Command sergeant major helps lead division through transition period
November 23, 2011
FORT DRUM, N.Y. -- The 10th Mountain Division's (LI) acting command sergeant major took time Thursday to reflect on his temporary position while also sharing several key messages with the post community.
Command Sgt. Maj. Kevin D. Sharkey, Fort Drum NCO Academy commandant, recently relocated to Hays Hall to bridge the gap between Command Sgt. Maj. Chris-topher Greca, the division's former command sergeant major, and Command Sgt. Maj. Rick Merritt, who will assume responsibility early next year.
"The only major change is the level of responsibility increases and the number of people that you touch increases," Sharkey said of his interim position. "But your duties and responsibilities as a noncommissioned officer, from (sergeant) to command sergeant major, are pretty much the same."
Although Merritt was at Fort Drum during the division change of responsibility ceremony Nov. 4, he is officially still serving as the 75th Ranger Regiment senior enlisted adviser.
Sharkey took time during the brief interview to remind division Soldiers to "live" the Army values, of which "personal courage" is paramount to him.
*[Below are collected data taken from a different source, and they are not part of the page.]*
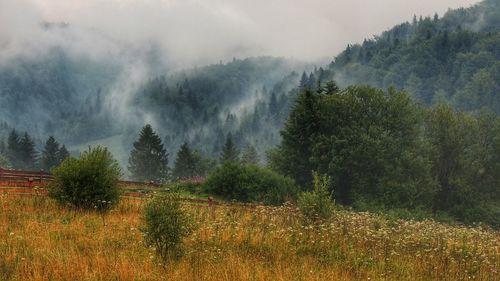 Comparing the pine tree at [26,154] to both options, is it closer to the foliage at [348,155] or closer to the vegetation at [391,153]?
the foliage at [348,155]

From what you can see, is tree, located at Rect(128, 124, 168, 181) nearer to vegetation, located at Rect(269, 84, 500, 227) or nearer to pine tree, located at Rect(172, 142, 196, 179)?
pine tree, located at Rect(172, 142, 196, 179)

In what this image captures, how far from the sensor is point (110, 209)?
59.5ft

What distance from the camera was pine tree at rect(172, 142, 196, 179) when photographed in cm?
9731

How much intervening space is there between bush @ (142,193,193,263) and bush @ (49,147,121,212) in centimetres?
674

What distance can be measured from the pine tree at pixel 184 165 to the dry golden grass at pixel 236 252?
8052cm

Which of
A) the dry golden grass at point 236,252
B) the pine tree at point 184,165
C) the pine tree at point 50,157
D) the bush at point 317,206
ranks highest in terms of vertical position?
the pine tree at point 50,157

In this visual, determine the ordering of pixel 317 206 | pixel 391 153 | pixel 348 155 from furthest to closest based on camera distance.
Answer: pixel 391 153 → pixel 348 155 → pixel 317 206

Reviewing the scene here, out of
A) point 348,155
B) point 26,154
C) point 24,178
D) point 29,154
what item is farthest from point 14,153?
point 348,155

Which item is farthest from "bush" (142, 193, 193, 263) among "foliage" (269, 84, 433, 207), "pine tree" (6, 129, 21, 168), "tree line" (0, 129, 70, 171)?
"pine tree" (6, 129, 21, 168)

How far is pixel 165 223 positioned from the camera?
1117 cm

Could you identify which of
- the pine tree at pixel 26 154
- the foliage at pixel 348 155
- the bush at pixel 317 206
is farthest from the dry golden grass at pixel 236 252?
the pine tree at pixel 26 154

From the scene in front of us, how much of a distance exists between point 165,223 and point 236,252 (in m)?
2.27

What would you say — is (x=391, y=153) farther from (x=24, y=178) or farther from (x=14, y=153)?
(x=14, y=153)

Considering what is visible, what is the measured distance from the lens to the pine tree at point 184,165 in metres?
97.3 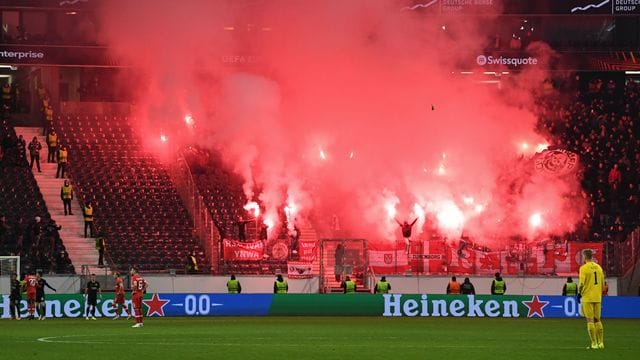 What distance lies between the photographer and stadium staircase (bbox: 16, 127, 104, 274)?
4600cm

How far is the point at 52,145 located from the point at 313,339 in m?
28.1

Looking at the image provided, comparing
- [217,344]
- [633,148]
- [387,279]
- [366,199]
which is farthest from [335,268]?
[217,344]

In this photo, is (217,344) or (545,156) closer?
(217,344)

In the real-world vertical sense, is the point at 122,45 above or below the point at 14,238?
above

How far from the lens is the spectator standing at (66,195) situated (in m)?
48.5

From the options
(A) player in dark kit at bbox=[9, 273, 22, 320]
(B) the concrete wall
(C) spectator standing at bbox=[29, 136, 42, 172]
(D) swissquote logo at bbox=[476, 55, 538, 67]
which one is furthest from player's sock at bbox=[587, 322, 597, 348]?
(C) spectator standing at bbox=[29, 136, 42, 172]

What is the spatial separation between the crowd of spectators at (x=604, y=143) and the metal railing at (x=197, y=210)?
14.9 meters

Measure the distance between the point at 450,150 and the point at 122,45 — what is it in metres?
15.7

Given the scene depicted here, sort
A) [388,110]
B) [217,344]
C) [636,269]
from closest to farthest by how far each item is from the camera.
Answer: [217,344] → [636,269] → [388,110]

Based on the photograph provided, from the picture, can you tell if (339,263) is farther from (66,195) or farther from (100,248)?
(66,195)

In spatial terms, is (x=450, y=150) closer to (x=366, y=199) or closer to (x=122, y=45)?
(x=366, y=199)

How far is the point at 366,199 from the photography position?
51562mm

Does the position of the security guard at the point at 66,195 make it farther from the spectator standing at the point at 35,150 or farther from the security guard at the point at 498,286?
the security guard at the point at 498,286

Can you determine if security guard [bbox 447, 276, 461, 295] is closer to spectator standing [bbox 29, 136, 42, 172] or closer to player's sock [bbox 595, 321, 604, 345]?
player's sock [bbox 595, 321, 604, 345] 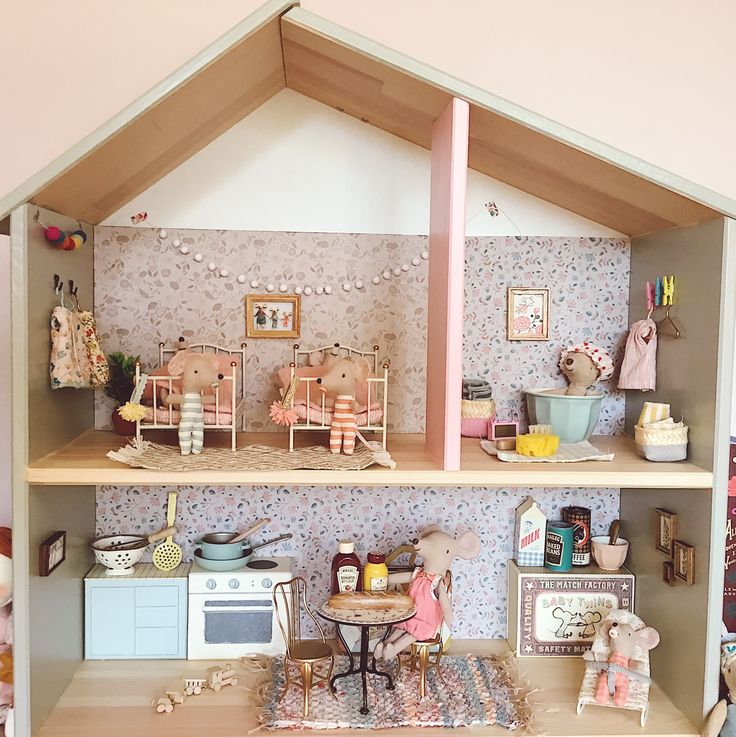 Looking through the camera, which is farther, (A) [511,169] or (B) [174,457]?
(A) [511,169]

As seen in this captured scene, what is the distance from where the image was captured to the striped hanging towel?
1.65 meters

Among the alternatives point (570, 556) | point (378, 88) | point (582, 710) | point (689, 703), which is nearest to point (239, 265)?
point (378, 88)

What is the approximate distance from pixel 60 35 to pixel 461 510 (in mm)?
1399

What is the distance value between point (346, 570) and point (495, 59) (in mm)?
1203

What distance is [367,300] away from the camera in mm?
1814

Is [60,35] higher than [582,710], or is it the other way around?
[60,35]

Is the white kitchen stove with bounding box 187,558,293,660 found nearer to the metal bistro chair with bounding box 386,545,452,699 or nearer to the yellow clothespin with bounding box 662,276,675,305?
the metal bistro chair with bounding box 386,545,452,699

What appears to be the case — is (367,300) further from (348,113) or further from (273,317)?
(348,113)

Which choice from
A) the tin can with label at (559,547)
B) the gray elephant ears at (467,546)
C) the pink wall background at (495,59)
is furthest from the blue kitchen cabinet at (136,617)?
the pink wall background at (495,59)

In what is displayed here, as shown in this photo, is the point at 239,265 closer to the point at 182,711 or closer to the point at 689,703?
the point at 182,711

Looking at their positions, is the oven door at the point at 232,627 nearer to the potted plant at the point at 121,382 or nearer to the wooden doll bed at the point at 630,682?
the potted plant at the point at 121,382

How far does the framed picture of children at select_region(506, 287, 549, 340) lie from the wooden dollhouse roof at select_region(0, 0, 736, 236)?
222mm

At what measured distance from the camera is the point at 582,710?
5.07 feet

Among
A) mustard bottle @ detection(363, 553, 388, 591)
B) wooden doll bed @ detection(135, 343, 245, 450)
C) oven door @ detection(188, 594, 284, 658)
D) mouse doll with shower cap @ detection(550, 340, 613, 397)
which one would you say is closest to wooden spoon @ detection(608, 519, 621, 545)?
mouse doll with shower cap @ detection(550, 340, 613, 397) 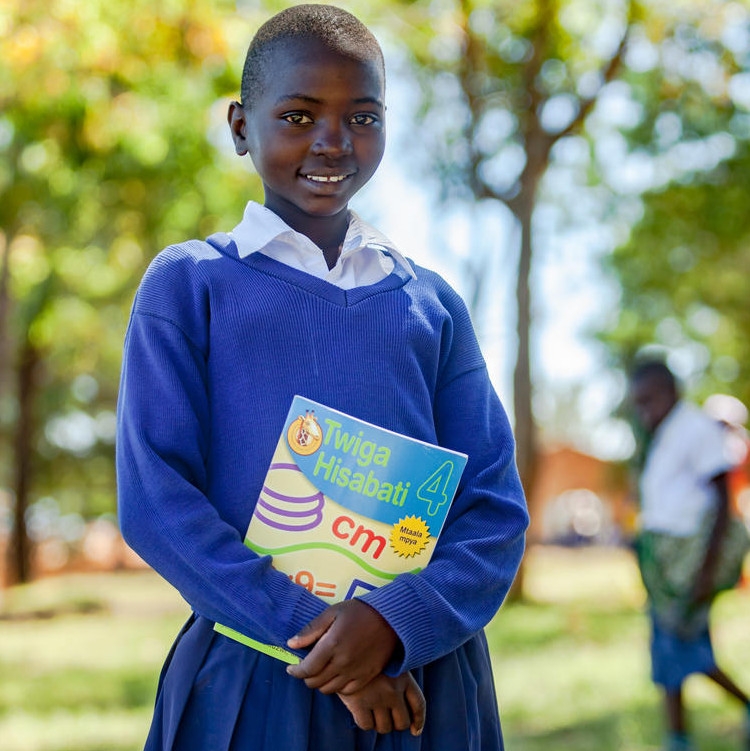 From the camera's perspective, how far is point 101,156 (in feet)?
28.9

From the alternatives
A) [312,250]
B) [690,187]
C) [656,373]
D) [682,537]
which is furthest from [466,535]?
[690,187]

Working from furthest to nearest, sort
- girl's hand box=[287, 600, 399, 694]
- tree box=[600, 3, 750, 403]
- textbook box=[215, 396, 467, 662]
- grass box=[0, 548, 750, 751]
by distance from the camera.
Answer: tree box=[600, 3, 750, 403] < grass box=[0, 548, 750, 751] < textbook box=[215, 396, 467, 662] < girl's hand box=[287, 600, 399, 694]

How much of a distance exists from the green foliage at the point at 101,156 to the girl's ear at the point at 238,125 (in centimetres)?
420

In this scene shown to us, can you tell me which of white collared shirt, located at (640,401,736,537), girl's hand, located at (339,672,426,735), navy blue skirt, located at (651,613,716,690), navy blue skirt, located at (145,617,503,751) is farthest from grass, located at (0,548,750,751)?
girl's hand, located at (339,672,426,735)

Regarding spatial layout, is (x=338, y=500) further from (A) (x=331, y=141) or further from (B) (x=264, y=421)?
(A) (x=331, y=141)

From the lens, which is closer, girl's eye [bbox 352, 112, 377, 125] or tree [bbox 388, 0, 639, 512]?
girl's eye [bbox 352, 112, 377, 125]

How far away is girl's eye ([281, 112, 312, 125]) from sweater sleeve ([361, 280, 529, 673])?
0.39 meters

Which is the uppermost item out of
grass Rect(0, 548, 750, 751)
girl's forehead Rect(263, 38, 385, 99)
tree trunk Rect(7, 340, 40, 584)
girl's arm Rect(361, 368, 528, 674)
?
girl's forehead Rect(263, 38, 385, 99)

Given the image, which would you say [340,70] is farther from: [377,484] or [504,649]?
[504,649]

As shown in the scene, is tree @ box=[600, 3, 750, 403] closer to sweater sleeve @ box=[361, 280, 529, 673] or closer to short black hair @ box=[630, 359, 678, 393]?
short black hair @ box=[630, 359, 678, 393]

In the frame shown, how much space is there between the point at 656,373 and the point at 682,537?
2.23 ft

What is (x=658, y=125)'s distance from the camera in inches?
471

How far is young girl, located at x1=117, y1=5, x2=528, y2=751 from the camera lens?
1.38m

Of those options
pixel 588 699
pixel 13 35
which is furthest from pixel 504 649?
pixel 13 35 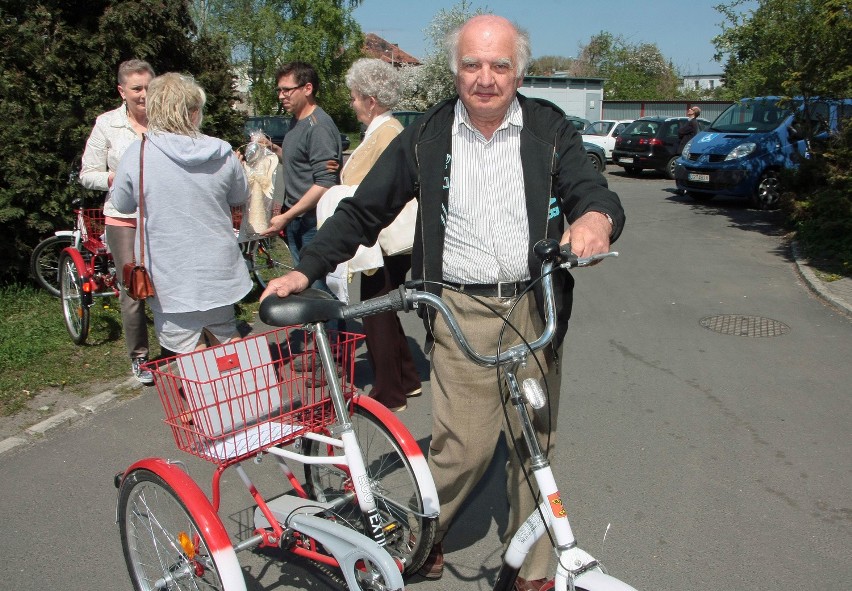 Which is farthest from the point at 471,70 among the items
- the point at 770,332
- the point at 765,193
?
the point at 765,193

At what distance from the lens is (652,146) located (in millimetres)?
19797

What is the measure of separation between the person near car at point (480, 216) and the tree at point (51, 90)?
16.8ft

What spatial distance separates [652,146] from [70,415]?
17.4 metres

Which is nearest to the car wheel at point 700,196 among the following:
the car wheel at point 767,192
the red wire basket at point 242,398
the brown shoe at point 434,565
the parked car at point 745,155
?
the parked car at point 745,155

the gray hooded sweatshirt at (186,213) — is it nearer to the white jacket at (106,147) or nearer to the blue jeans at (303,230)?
the blue jeans at (303,230)

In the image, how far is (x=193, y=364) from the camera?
271 centimetres

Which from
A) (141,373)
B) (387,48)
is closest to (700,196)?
(141,373)

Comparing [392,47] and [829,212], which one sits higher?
[392,47]

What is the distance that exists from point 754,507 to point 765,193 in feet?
Result: 35.4

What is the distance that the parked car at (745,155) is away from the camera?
527 inches

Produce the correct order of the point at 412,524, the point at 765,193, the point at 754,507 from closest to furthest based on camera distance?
the point at 412,524
the point at 754,507
the point at 765,193

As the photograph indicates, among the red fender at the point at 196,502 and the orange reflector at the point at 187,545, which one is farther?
the orange reflector at the point at 187,545

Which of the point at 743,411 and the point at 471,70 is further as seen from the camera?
the point at 743,411

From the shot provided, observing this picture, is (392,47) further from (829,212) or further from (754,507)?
(754,507) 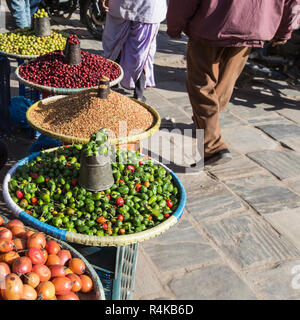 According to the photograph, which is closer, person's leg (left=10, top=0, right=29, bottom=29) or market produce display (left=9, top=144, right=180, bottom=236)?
market produce display (left=9, top=144, right=180, bottom=236)

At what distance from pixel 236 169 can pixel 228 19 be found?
1564 millimetres

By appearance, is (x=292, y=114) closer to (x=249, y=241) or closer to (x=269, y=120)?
(x=269, y=120)

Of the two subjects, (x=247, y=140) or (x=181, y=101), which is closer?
(x=247, y=140)

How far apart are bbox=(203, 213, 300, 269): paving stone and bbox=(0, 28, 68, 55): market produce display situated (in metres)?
2.70

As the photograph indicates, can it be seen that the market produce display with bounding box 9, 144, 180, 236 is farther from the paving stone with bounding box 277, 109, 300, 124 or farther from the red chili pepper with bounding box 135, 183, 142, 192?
the paving stone with bounding box 277, 109, 300, 124

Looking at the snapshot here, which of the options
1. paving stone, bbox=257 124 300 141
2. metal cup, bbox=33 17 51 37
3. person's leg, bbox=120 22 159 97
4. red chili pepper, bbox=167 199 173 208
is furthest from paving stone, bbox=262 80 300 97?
red chili pepper, bbox=167 199 173 208

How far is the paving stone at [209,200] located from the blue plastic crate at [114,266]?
1128 mm

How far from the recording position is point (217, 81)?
3.90 m

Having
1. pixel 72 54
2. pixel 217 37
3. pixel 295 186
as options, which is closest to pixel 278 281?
pixel 295 186

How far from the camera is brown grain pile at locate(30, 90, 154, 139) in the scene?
284cm

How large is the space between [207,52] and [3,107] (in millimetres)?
2177

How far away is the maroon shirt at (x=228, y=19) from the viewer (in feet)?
10.8

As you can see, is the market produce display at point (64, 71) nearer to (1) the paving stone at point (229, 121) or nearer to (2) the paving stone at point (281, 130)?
(1) the paving stone at point (229, 121)

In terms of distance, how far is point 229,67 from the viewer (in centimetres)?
375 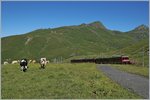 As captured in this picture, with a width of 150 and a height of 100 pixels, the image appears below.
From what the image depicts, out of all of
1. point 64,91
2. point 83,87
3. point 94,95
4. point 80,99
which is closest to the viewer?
point 80,99

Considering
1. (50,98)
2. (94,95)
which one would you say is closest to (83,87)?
(94,95)

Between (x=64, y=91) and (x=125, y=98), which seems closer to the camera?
(x=125, y=98)

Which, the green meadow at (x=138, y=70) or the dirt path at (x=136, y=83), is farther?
the green meadow at (x=138, y=70)

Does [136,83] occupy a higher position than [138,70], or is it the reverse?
[136,83]

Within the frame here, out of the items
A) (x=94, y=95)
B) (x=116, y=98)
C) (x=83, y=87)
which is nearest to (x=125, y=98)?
(x=116, y=98)

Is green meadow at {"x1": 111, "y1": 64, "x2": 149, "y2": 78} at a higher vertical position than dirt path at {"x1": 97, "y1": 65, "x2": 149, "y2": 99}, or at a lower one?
lower

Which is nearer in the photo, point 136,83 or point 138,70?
point 136,83

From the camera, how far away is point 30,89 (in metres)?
22.1

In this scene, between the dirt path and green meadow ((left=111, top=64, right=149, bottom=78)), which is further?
green meadow ((left=111, top=64, right=149, bottom=78))

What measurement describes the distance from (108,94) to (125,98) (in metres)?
1.38

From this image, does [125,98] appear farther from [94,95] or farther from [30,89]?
[30,89]

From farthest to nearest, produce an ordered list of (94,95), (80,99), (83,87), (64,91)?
(83,87), (64,91), (94,95), (80,99)

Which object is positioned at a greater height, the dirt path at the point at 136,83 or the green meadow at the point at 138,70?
the dirt path at the point at 136,83

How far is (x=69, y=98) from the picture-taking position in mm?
18359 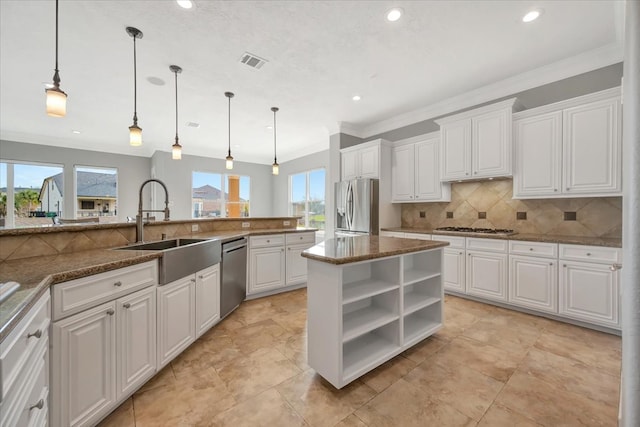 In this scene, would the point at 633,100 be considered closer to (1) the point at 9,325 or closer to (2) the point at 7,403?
(1) the point at 9,325

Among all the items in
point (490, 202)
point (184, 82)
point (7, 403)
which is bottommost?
point (7, 403)

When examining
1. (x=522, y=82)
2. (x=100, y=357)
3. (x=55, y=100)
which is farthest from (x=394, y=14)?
(x=100, y=357)

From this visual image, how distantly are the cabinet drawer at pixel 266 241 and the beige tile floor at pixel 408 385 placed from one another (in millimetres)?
1092

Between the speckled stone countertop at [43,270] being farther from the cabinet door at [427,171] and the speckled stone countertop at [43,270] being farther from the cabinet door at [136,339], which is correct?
the cabinet door at [427,171]

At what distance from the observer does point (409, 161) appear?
13.6ft

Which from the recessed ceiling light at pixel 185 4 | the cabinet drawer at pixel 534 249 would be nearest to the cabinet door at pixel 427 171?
the cabinet drawer at pixel 534 249

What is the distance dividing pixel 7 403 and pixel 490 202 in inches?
175

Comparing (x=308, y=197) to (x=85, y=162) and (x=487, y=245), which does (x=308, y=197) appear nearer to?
(x=487, y=245)

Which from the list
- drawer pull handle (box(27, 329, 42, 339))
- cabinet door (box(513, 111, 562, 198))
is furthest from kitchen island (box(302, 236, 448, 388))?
cabinet door (box(513, 111, 562, 198))

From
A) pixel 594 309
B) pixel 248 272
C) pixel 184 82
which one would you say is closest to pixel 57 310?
pixel 248 272

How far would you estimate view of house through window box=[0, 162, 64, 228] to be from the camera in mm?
5113

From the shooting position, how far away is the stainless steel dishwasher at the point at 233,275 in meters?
2.67

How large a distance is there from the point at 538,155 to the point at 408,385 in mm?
2934

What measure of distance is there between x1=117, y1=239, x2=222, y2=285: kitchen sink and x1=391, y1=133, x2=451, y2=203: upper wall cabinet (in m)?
3.06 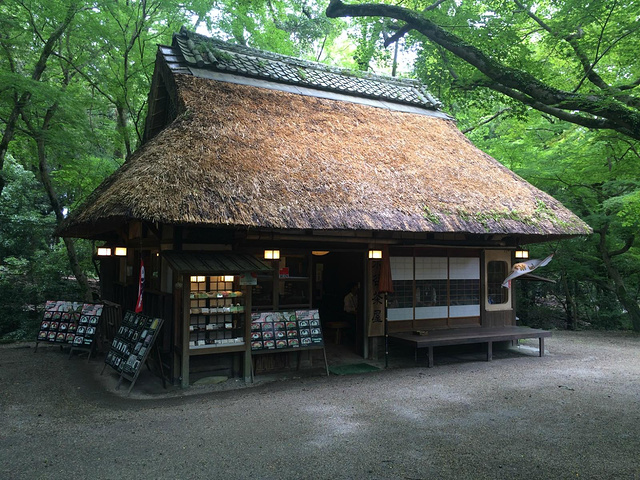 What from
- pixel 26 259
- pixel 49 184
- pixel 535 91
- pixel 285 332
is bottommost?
pixel 285 332

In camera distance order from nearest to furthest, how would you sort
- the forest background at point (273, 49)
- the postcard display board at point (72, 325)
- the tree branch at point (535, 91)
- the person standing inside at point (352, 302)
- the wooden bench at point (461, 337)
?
the tree branch at point (535, 91) < the forest background at point (273, 49) < the wooden bench at point (461, 337) < the postcard display board at point (72, 325) < the person standing inside at point (352, 302)

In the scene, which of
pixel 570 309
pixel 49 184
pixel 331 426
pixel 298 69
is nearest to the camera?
pixel 331 426

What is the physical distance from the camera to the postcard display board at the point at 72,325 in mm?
8995

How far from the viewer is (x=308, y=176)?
26.0 ft

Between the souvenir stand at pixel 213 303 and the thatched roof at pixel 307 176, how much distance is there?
2.62 ft

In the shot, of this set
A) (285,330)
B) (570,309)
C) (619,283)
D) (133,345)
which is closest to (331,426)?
(285,330)

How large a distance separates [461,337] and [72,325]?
26.8 ft

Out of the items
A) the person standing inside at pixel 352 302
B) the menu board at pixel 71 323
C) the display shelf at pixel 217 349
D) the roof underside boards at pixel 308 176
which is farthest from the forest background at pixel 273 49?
the display shelf at pixel 217 349

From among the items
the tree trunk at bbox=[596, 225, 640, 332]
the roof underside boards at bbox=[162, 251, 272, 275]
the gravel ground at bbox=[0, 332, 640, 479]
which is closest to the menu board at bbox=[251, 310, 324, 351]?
the gravel ground at bbox=[0, 332, 640, 479]

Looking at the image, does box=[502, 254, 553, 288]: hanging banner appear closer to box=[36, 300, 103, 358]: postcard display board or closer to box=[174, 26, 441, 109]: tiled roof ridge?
box=[174, 26, 441, 109]: tiled roof ridge

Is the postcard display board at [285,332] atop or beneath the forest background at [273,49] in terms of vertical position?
beneath

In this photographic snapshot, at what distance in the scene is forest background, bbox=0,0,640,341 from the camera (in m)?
7.52

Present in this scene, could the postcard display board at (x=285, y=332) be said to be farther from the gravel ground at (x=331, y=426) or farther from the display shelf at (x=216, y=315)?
the gravel ground at (x=331, y=426)

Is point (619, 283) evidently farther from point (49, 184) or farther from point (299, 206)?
point (49, 184) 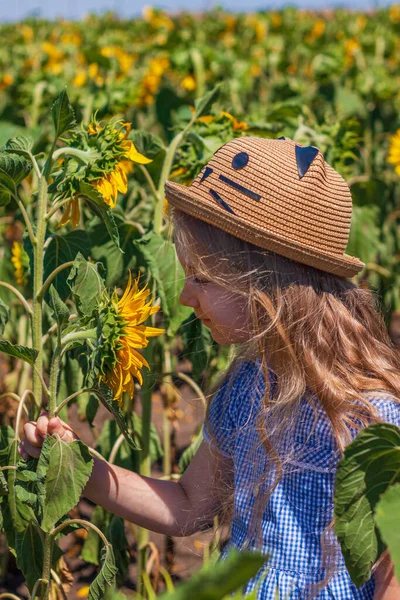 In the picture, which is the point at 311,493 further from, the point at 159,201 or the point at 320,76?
the point at 320,76

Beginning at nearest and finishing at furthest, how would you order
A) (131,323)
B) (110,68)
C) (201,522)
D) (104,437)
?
(131,323) → (201,522) → (104,437) → (110,68)

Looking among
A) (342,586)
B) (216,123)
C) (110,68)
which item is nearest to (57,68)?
(110,68)

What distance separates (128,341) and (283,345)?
25 cm

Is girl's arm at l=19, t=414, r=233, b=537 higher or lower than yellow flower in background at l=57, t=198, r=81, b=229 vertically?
lower

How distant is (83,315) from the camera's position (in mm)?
1237

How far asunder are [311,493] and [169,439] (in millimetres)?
1365

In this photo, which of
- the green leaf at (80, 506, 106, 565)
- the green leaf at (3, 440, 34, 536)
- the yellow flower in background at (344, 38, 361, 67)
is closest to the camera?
the green leaf at (3, 440, 34, 536)

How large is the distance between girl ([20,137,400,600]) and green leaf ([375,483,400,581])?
1.45ft

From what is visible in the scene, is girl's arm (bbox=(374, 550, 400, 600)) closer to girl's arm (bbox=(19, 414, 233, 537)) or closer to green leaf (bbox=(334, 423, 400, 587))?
green leaf (bbox=(334, 423, 400, 587))

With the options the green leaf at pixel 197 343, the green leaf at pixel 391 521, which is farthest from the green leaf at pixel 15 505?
the green leaf at pixel 391 521

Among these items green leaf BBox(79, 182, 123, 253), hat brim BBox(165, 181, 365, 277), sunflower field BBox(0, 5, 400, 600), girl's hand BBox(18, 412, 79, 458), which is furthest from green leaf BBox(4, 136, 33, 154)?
girl's hand BBox(18, 412, 79, 458)

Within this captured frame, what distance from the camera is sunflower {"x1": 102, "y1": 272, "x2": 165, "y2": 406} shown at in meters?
1.19

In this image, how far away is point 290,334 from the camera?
133 centimetres

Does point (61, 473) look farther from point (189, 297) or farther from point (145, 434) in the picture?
point (145, 434) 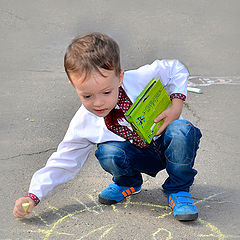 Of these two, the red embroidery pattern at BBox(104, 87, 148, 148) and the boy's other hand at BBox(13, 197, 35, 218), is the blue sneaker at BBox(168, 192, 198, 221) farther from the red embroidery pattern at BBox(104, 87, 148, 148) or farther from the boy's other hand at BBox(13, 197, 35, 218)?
the boy's other hand at BBox(13, 197, 35, 218)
He also encouraged personnel to live by the
Soldier's Creed, and he emphasized "I will never quit" as the part of the Warrior Ethos that means the most to him.
"I will never quit as their division command sergeant major and I don't expect them to quit -- not on themselves, not on their teammates and not on this organization," said Sharkey, who will return to his post at the academy once Merritt arrives.
Soldiers should demonstrate three key traits for the few months that Sharkey serves as their command sergeant major. He said those three simple things have the power to make their time at Fort Drum and in the Army a professionally and personally rewarding experience.
"They are the same three simple things that I live by personally every single day," he said. "Be disciplined; be an expert; and be a team player.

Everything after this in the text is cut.